■ EXERCISE OBJECTIVE: Print the data exactly as written, line for line, and leave its pictures behind.

BEGIN DATASET EXCERPT

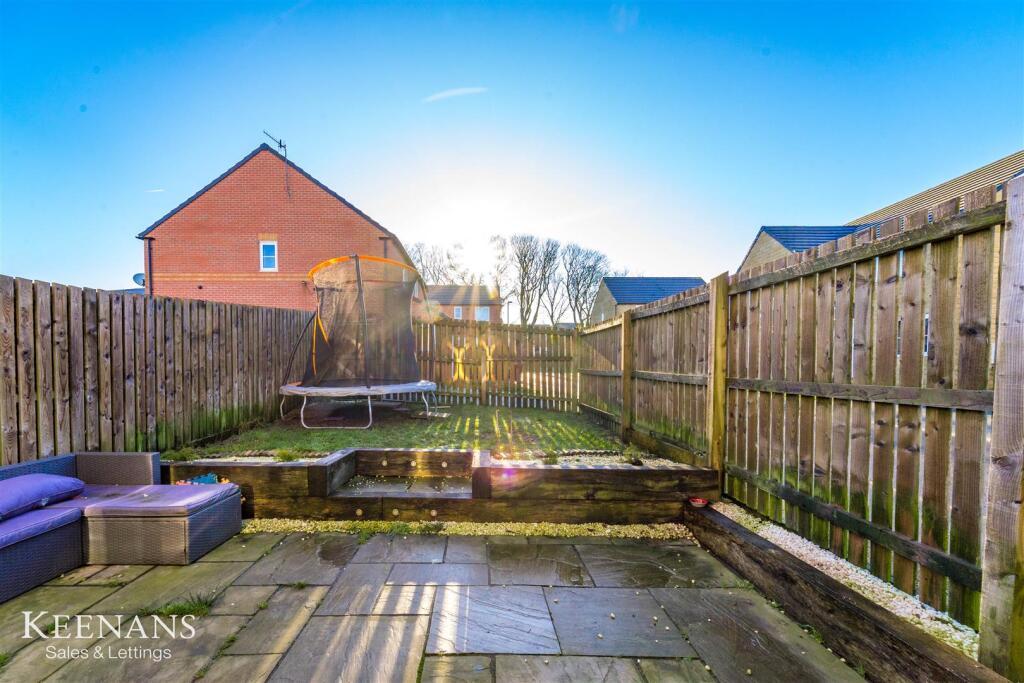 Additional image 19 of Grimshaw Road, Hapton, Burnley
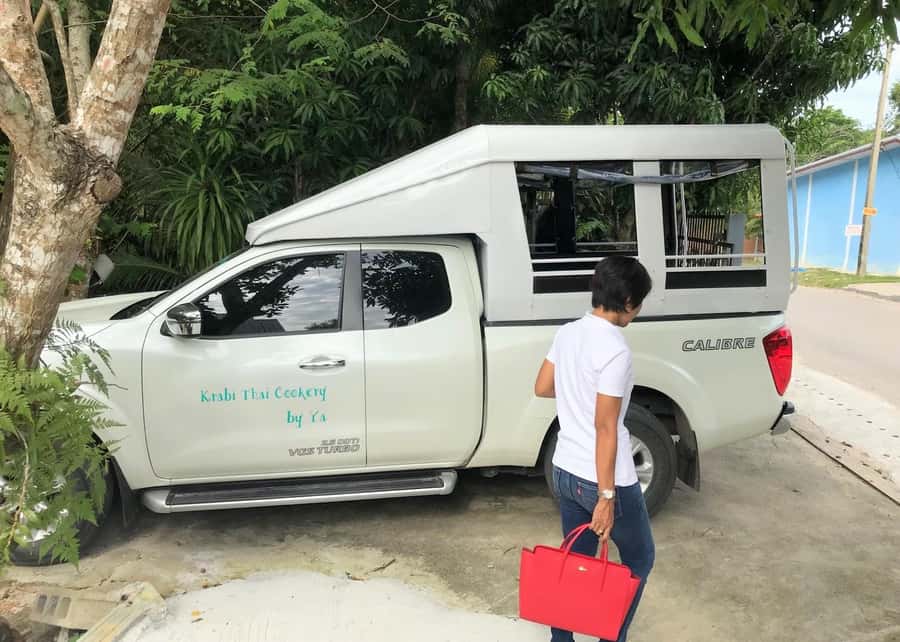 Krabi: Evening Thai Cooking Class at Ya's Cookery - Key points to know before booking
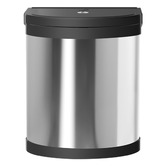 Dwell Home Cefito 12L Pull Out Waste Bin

END DATASET EXCERPT

■ OUTPUT OF THE EXERCISE:
 Additional image 19 of Grimshaw Road, Hapton, Burnley
 Krabi: Evening Thai Cooking Class at Ya's Cookery - Key points to know before booking
 Dwell Home Cefito 12L Pull Out Waste Bin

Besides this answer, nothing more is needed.